Ce projet d’un « décor spécial » au sein duquel les spectateurices retrouveraient leur mobilité, bien qu’il soit resté lettre morte, n’est pas sans évoquer les pratiques scénographiques développées plus tard par des cinéastes comme Jean-Luc Godard ou Agnès Varda, emblématisant un versant du post-cinéma parfois décrit comme du « cinéma d’exposition »42. Il y aurait ainsi des correspondances à établir entre ce film rejouant les numéros d’Impressions sportives, offert au public dans un décor niant la salle obscure, et des installations fondées elles aussi sur un geste de reprise, telles que les différentes Cabanes de Varda, par exemple43. Pour la présentation du film à Cannes en mai 1974, Tati avait d’ailleurs orchestré une performance en public, entouré par des artistes de cirque, déplaçant littéralement le spectacle hors les murs44.

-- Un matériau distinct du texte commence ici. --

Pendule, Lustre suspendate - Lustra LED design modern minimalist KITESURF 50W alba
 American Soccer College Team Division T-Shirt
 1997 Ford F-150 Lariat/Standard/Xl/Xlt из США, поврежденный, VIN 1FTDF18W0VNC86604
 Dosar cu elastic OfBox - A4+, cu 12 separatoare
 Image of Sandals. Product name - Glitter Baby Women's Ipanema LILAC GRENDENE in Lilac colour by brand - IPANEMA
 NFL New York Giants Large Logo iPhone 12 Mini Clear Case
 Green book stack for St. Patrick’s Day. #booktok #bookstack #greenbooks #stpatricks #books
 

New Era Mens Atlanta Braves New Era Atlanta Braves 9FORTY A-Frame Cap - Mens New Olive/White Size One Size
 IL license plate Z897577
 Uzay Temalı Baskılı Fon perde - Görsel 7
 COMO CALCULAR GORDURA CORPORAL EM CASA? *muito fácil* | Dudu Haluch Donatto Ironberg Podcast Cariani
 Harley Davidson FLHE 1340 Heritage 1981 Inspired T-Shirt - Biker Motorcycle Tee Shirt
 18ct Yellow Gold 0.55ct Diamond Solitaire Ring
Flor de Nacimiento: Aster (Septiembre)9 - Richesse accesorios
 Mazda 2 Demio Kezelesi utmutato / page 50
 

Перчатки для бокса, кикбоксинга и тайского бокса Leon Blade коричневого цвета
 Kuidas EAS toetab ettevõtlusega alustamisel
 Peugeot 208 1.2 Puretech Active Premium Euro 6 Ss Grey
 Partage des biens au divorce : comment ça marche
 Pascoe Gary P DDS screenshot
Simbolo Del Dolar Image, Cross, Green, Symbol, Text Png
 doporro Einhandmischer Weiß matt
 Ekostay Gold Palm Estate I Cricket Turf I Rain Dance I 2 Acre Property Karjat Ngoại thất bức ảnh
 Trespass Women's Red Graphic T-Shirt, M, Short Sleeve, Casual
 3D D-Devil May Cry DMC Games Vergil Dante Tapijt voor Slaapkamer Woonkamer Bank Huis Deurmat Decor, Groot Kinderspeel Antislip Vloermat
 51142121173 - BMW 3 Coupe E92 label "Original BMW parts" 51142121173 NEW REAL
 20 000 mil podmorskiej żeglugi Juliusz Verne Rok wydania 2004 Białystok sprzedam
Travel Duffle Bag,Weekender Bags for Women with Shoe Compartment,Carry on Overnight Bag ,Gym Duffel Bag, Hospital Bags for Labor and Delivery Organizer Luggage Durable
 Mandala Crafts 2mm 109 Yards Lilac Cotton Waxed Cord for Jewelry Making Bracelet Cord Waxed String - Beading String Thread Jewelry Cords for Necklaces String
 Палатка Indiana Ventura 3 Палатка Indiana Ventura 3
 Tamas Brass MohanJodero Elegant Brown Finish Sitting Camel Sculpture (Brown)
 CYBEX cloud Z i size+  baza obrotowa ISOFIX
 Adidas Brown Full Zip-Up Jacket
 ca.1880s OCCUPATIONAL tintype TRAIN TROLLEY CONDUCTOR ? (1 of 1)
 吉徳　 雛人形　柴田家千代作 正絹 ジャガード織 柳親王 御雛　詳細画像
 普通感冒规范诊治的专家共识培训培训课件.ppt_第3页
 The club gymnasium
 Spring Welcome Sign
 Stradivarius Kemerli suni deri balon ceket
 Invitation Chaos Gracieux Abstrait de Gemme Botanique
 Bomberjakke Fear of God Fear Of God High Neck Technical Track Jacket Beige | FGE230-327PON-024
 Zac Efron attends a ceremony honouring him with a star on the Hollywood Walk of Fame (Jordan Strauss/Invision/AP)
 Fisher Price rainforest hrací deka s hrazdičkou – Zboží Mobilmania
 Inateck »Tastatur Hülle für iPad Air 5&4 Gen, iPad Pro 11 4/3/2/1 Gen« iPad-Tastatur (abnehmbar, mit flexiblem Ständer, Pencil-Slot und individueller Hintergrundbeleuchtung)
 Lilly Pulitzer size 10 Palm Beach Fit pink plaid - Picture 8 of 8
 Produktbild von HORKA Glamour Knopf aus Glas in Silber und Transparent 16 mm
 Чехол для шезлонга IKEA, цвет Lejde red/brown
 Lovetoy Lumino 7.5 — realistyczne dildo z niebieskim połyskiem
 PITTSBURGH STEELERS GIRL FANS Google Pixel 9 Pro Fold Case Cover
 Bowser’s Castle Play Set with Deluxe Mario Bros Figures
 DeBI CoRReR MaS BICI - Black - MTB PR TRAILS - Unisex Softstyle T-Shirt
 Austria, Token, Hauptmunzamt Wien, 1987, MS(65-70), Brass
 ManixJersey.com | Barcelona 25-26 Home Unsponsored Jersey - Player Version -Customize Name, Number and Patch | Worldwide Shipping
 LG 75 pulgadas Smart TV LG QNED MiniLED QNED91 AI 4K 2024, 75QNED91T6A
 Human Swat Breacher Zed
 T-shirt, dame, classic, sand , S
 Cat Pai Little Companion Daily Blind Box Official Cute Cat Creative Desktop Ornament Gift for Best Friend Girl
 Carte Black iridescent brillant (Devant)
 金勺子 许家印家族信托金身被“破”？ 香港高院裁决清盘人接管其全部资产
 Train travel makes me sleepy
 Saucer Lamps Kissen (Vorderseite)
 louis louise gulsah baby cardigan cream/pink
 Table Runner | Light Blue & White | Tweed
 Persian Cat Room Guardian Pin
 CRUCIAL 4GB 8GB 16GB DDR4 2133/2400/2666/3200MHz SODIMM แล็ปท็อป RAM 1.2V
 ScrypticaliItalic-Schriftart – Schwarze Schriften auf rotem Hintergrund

Parade, de manière réflexive, prescrit son mode de réception via le comportement d’un public intradiégétique. Si le film se structure par des allers-retours entre la scène et les gradins, formant deux instances bien campées l’une en face de l’autre, Tati signale très vite que le spectacle n’est pas toujours là où on l’attend : il circule de la scène aux coulisses, des coulisses au public, etc. Le réalisateur a souligné cette dimension transversale à différentes reprises en insistant sur le fait que son film n’était pas une simple captation de numéros filmés45. Le spectacle se déploie et touche différents objets de représentation, à commencer par les tenues des spectateurices, et plus précisément celles de la jeune génération, particulièrement bariolées (le début de la décennie prolonge la mode hippie). Ainsi, lorsque la caméra se situe non pas devant mais derrière l’artiste en scène, le·la spectateurice fait face à une myriade de points colorés. Si les numéros présentés alternent le plus souvent avec des plans de réaction, l’entracte est l’occasion d’une série de vignettes explicitant le principe de porosité décliné par le film : un premier spectateur est posté devant l’affiche d’un clown qui semble lui renvoyer sa propre image ; un deuxième se badigeonne de crème glacée et fait lui aussi – littéralement – figure de clown ; un troisième se baisse pour refaire ses lacets et dévoile son postérieur face caméra ; etc. Les attractions, en résumé, se retrouvent des deux côtés de la scène et jusque dans les coulisses : plusieurs peintres occupés à fignoler les décors se révèlent des jongleurs virtuoses… Cette mise en spectacle généralisée transgresse les frontières habituellement fixées et construit un énoncé, au sens foucaldien, par des moyens purement audiovisuels.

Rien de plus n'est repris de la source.